The Act also jeopardizes the right of any new company to launch into the tobacco products market in competition to the existing players. It would be very hard for anyone to launch against the existing brands without advertising, This clearly affects the equality of any new company relative to the existing players in the tobacco market.

The act limits the consumer access to information. Without advertising there can be no communication on new product developments, which may be of real benefit to the consumers. Developments such as reduced tar contents have been promoted, encouraging brand switching from the high tar variants to the new low tar, less hazardous brands.

It is of relevance that there are already indications that there may be exemptions from the Act.

Unless imported magazines are banned, these magazines will remain available to a limited minority, who will be exposed to advertising of cigarettes, as well as updated information on developments in the tobacco industry. If they are to be banned as they might contain such advertising, It Is an additional restriction of the freedom of choice.
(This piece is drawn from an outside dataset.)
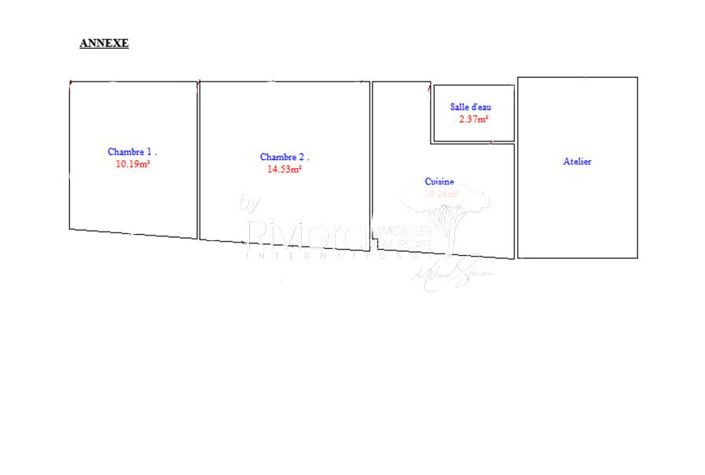Image No.22-5 Bed House for sale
It will be necessary to make certain exemptions in terms of promotional items which display tobacco product logos. There are many items in existence currently, items such as T-shirts or jackets, umbrellas and sports bags. Although new distribution of such items will be prohibited, it would be unreasonable to expect people who now own such products to discard them, or to fine people who wear clothes or use umbrellas which they may have owned prior to the legislation.
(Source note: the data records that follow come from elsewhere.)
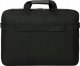 Kalkulator Basf Torba na laptopa 13-14'' GeoLite EcoSmart Slim Brief - Black 2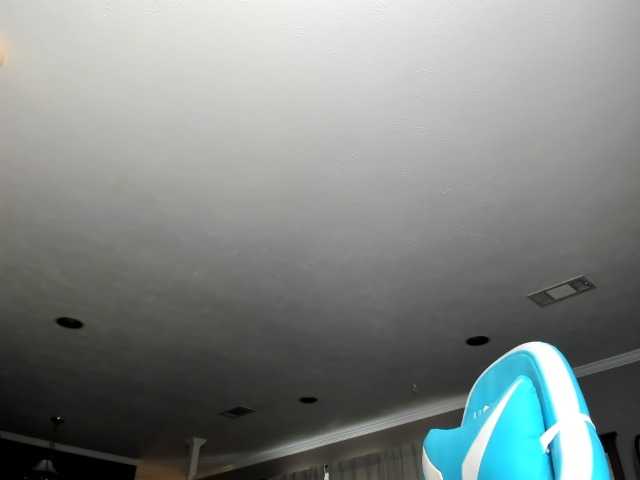 Adellebunny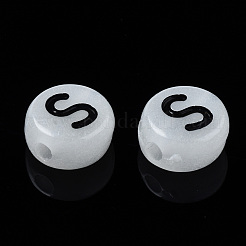 Acryl-Perlen&nbsp;SACR-S273-29S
Mr Mandela met with Bernie Ecclestone from the International Formula 1 Grand Prix, as there was concern that South Africa could not host a Grand Prix due to this legislation, and the involvement of the Tobacco industry in motor racing.
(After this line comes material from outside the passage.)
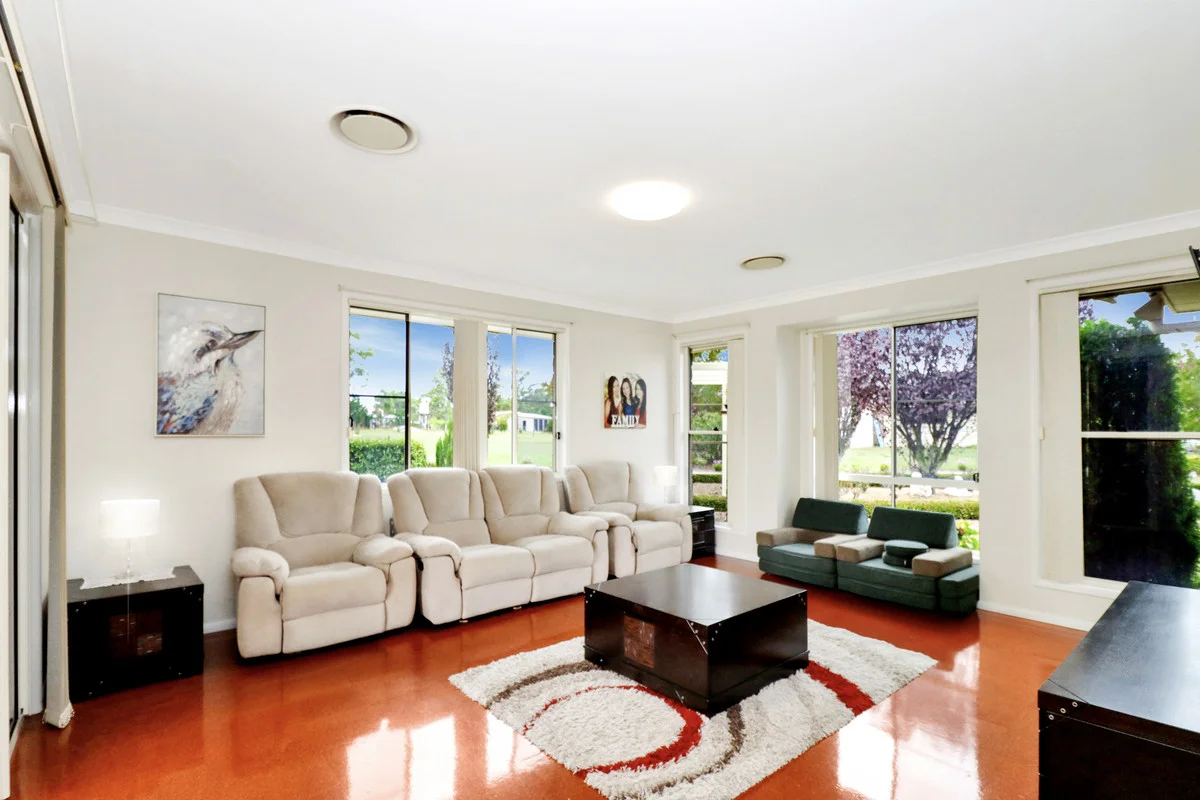 Additional image 11 of 41 Melaleuca Crescent, Stanthorpe QLD 4380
This surely constitutes recognition of the economic role that the tobacco industry can play in South Africa. It is of concern that motor racing was singled out. The local tobacco industry plays a large role in sponsorships of sport, and there is no clear reasoning why the Grand Prix should be given any more consideration that local activity.

If it is acceptable to allow international tobacco companies who sponsor the Grand Prix to advertise in South Africa, then it is unequal and therefore unacceptable in terms of Section 36 to ban sponsorship of other sporting events by tobacco products.

The purpose of the Act is to reduce the incidence of smoking among South Africans, and particularly among the youth.

The efficacy of banning advertising in achieving this objective is debatable, and should be evaluated against alternative methods before this legislation is passed. This should be done not only in the interests of seeking the best method to alert potential smokers of the hazards of smoking, but in accordance with the Constitution, which clearly states that Freedom of Speech, as one of the constitutional rights, may only be limited taking into account all relevant factors, including less restrictive means to achieve the objective.